The same survey reported that nearly three-quarters of Gen Z respondents, destined to dominate the workforce in coming years, insist that their employers adhere to DEI practices.
“DEI remains a key workplace expectation across all generations and is a competitive advantage,” says Karyn Twaronite, EY global vice chair of diversity, equity and inclusiveness.
Starbuck sees it differently.
“DEI is essentially a Trojan horse for left-wing policies,” he says. “DEI actually encourages a certain kind of racism.”
It is a pity that worker well-being has fallen victim to America’s periodic culture wars. And it’s just short of amazing that Starbuck, 35, a music-video producer turned social-media influencer, can dictate policy to the large and venerable enterprises cited in this column.
Those firms have a combined $360 billion (U.S.) in revenues but scare as easily as the Cowardly Lion.
Starbuck is claiming victory to his 500,000 followers on X and says he is targeting more firms.

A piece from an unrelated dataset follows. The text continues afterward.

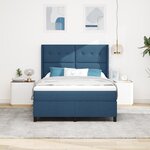 Box Spring Bed vidaXL avec Matelas & LED Bleu 140x190 cm Tissu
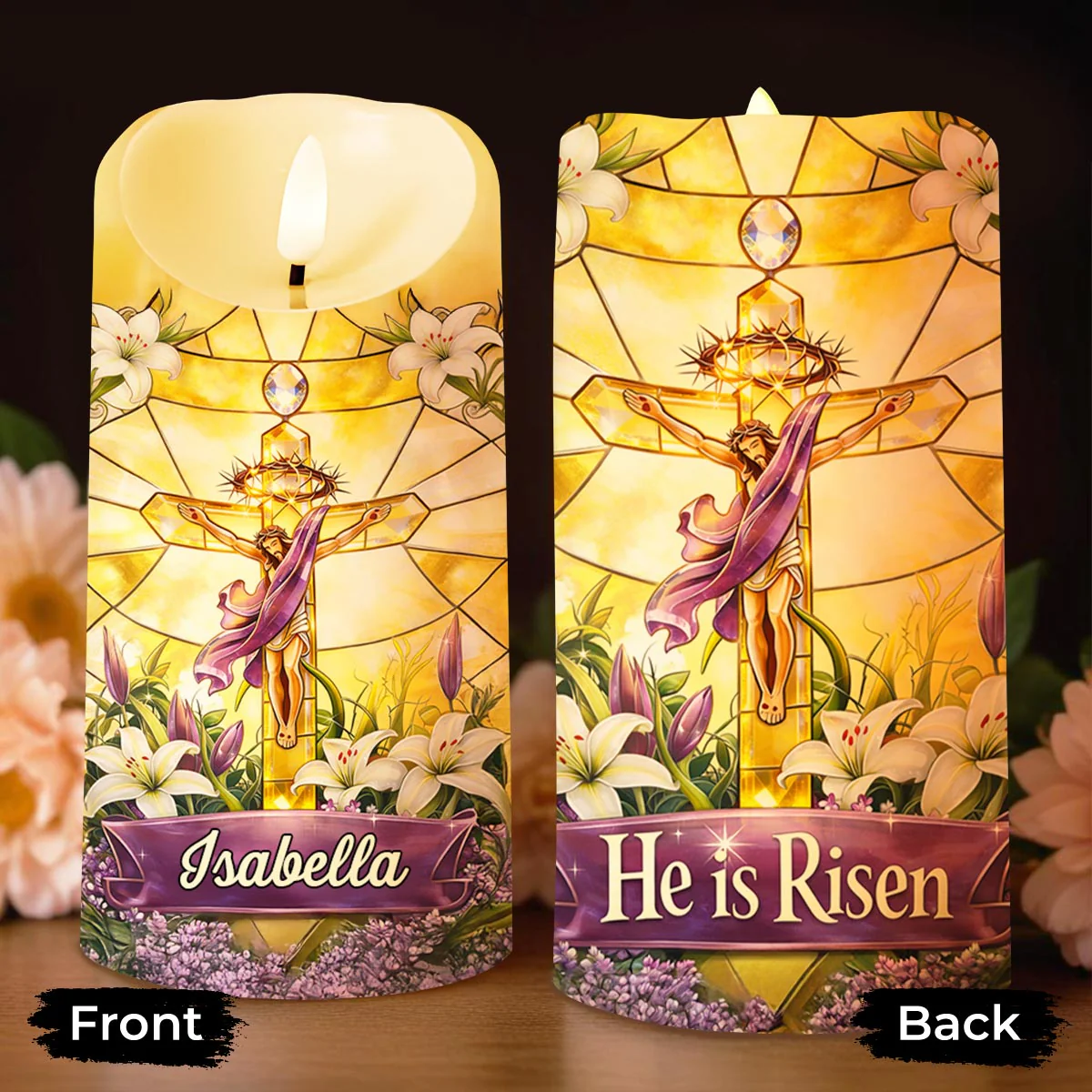 He Is Risen Stained Glass Jesus With White Lilies Flowers - Personalized Custom LED Candle - FTH140_LECA - Image 8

But the DEI furor might be something of a blessing, says Amber Fairbanks, portfolio manager at the London, U.K.-based Impax Asset Management. She notes that some of the corporate DEI activity in recent years has been superficial posturing.
Employers can benefit from reassessing the merits and shortcomings of their DEI initiatives, she told Bloomberg News last month.
“Companies that see the value of (DEI) are not going to change their policies based on a few news stories,” Fairbanks said.
In the meantime, though, prominent corporations have shown a lack of resolve on DEI that gives reason to doubt all their commitments — to shareholders, employees, and customers.
“Irony” was once defined as being concerned about something but not enough to do anything about it. Sadly, that appears to be the case here.